BRAZIL - 2022/06/14: In this photo illustration, a woman holds a smartphone with the 2022 United Nations Climate Change Conference COP27 logo in the background. The 2022 United Nations Climate Change Conference COP27 event will take place from the 7-18 November 2022, in Sharm El-Sheikh, Egypt. (Photo Illustration by Rafael Henrique/SOPA Images/LightRocket via Getty Images) (SOPA Images / Colaborador/Getty Images)

DR

Da Redação

Publicado em 18 de outubro de 2022 às 10h15.

Última atualização em 26 de outubro de 2022 às 13h33.

Priorizar nos meus resultados Google

Em resumo, o principal objetivo da COP 27, que ocorre no Egito entre os dias 6 e 18 de novembro, é limitar o aquecimento global a no máximo 1,5ºC. O que a próxima conferência climática da ONU almeja acima de tudo, portanto, é colocar em prática uma estratégia para cumprir a meta estabelecida no já antigo Acordo de Paris, de 2015. Em comparação aos níveis pré-industriais, vale dizer, o mundo já está 1,2ºC mais quente.

Esse primeiro objetivo, gigantesco e urgente, está relacionado à chamada mitigação.

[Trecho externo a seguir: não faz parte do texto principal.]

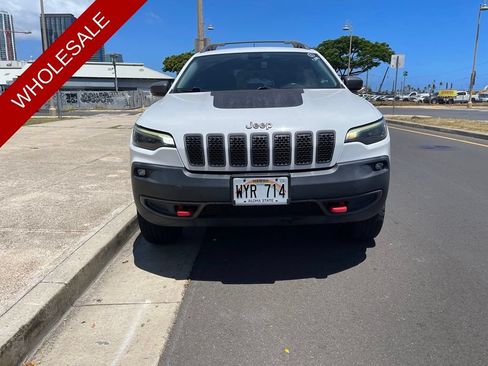 Used 2019 Jeep Cherokee Trailhawk AWD/4WD image 2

Mas a conferência também tem como meta criar estratégias que mirem a adaptação, o financiamento e a colaboração, assim como nas edições anteriores. Adaptação porque os participantes precisam colocar em prática um plano para proteger as comunidades que, invariavelmente, serão afetadas pelo aquecimento global — parte do estrago, como se sabe, já está feito graças ao efeito estufa. 

O financiamento é outro ponto-chave porque a ONU considera urgente convencer os países mais ricos a disponibilizar pelo menos 100 milhões de dólares por ano. Esse dinheiro todo, espera-se, será usado pelas nações mais pobres no enfrentamento das mudanças climáticas. Já a colaboração se refere à visão da conferência, corretíssima, de que a mitigação das mudanças climáticas depende da participação inclusiva e ativa de todos os stakeholders. Sem a participação de governos, do setor privado e da sociedade civil, todos nós corremos sérios riscos.  

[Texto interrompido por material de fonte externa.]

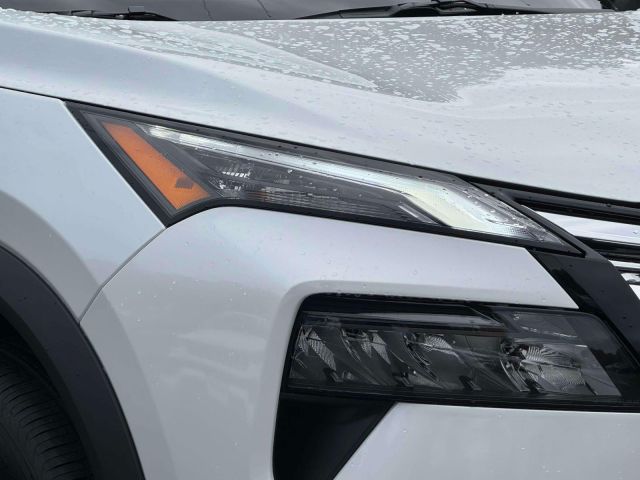 2026 Nissan Rogue AWD SV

Quais são as consequências do aquecimento global?

Nunca é demais lembrar: caso a temperatura planetária suba 2ºC, em média, estaremos em sérios apuros. Quase todos os recifes de coral de água quente, por exemplo, seriam destruídos e o gelo do mar Ártico derreteria inteiramente em pelo menos um verão a cada década. Outra consequência seria o derretimento de parte considerável da Groenlândia e da Antártica, elevando o nível do mar em vários metros ao longo dos próximos séculos. 

Mais: quase um terço da população ficaria regularmente exposta ao calor severo, o que se traduziria em problemas de saúde e, inevitavelmente, em maior número de mortes relacionadas ao clima. Mantido o teto de 1,5ºC tudo fica resolvido? Negativo. Mas o panorama seria menos apocalíptico. Nesse cenário, a humanidade enfrentaria menos riscos de escassez de alimentos e água e menos espécies correriam risco de extinção. E as doenças desencadeadas pela poluição do ar também seriam menos preocupantes. 

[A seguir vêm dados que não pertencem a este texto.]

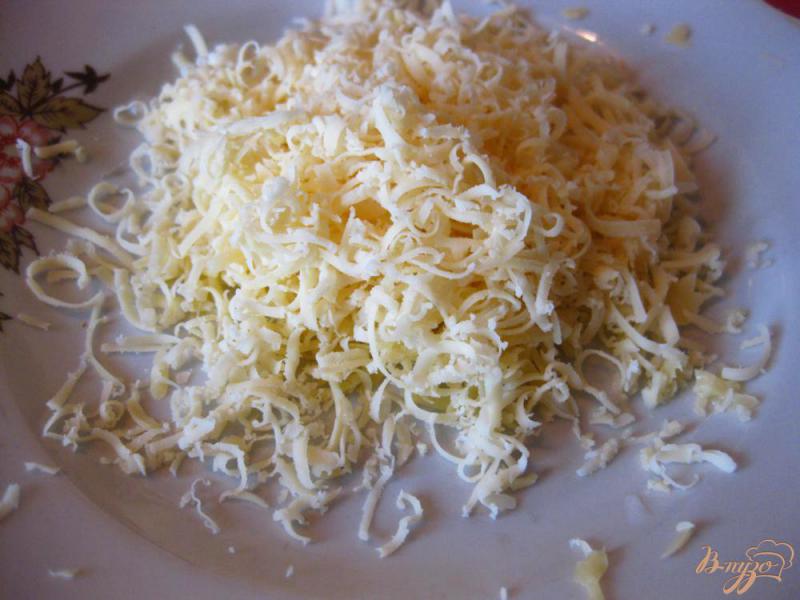 Фото приготовление рецепта: Сырники с твердым сыром шаг №4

O que se sabe, ao certo, é que a janela que viabiliza a meta de limitar o aquecimento global a 1,5ºC já está se fechando. O maior golpe ao Acordo de Paris, substituto do Protocolo de Kyoto, foi a desistência dos Estados Unidos em colaborar, em 2017, por ordem do ex-presidente Donald Trump. Biden desfez o movimento depois de assumir a Casa Branca e prometeu traçar uma estratégia para zerar as emissões norte-americanas de poluentes até 2050. 

Até a China, o país que mais polui, prometeu mudanças — tem como objetivo atingir o pico de emissões do poluente até 2030 e baixar a zero até 2060. Na sequência, o gigante asiático criou o maior mercado de carbono do mundo. Por enquanto, só o setor de energia, que responde por 40% das emissões chinesas, precisa se submeter à novidade. 

Há outras boas notícias para o meio ambiente, embora ainda insuficientes para dar fim à enrascada na qual a humanidade se meteu. As energias limpas, como a eólica e a solar, por exemplo, viraram as mais baratas na maioria dos países. Mais uma boa notícia: em 2019, só 30% da economia mundial tinha estabelecido metas para atingir a neutralidade de carbono — hoje já são 70%. Muitas montadoras de automóveis, acrescente-se, estão decididas a produzir apenas modelos elétricos ou híbridos. 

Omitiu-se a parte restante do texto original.